## Information given
=====

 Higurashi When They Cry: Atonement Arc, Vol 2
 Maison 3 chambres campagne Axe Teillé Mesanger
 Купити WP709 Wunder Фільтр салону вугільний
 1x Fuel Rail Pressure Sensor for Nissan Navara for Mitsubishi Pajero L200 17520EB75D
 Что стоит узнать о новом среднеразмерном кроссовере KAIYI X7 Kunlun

=====

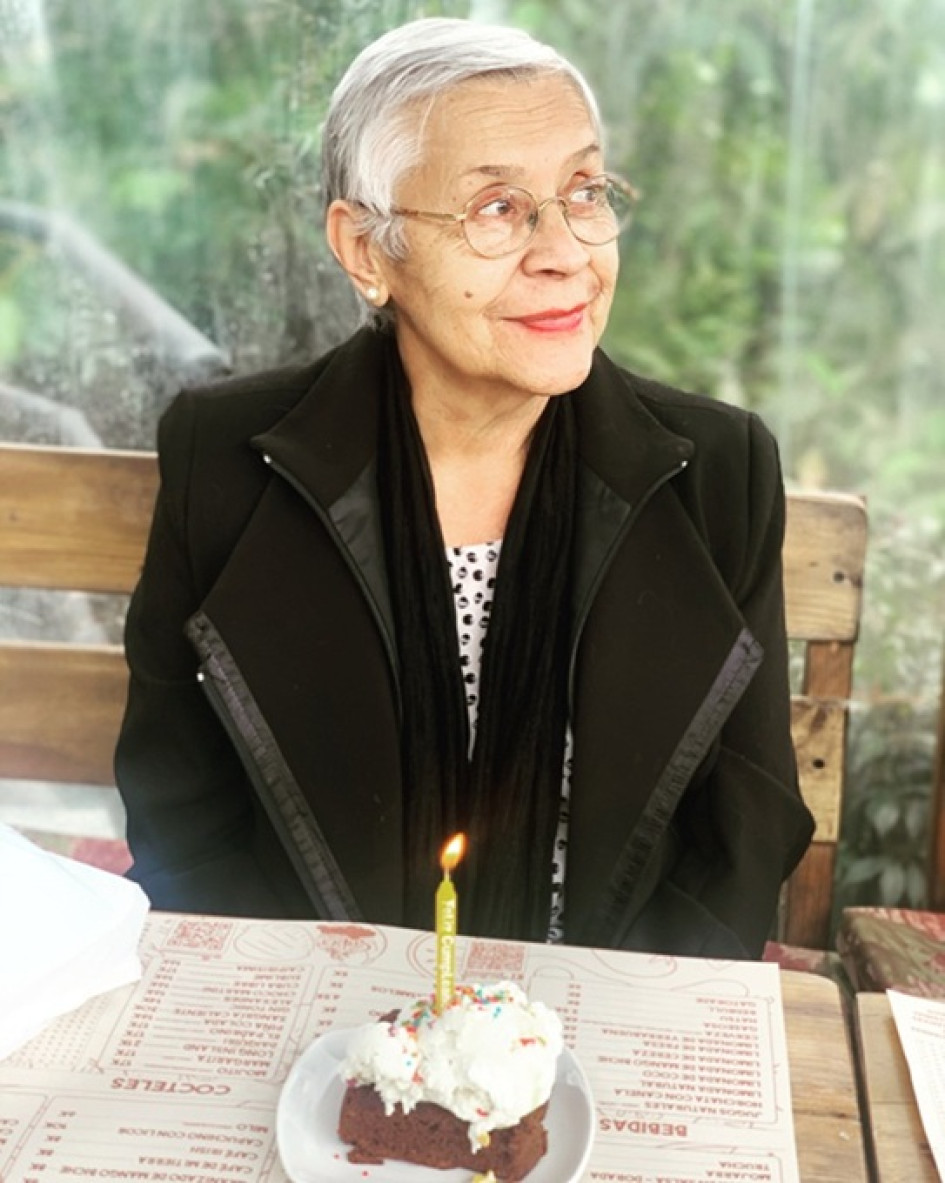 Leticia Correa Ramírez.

=====

Using the material above, transcribe exactly the lines from the line with "1x Fuel Rail" to the line with "Что стоит узнать"; both count, and nothing else goes in.

 1x Fuel Rail Pressure Sensor for Nissan Navara for Mitsubishi Pajero L200 17520EB75D
 Что стоит узнать о новом среднеразмерном кроссовере KAIYI X7 Kunlun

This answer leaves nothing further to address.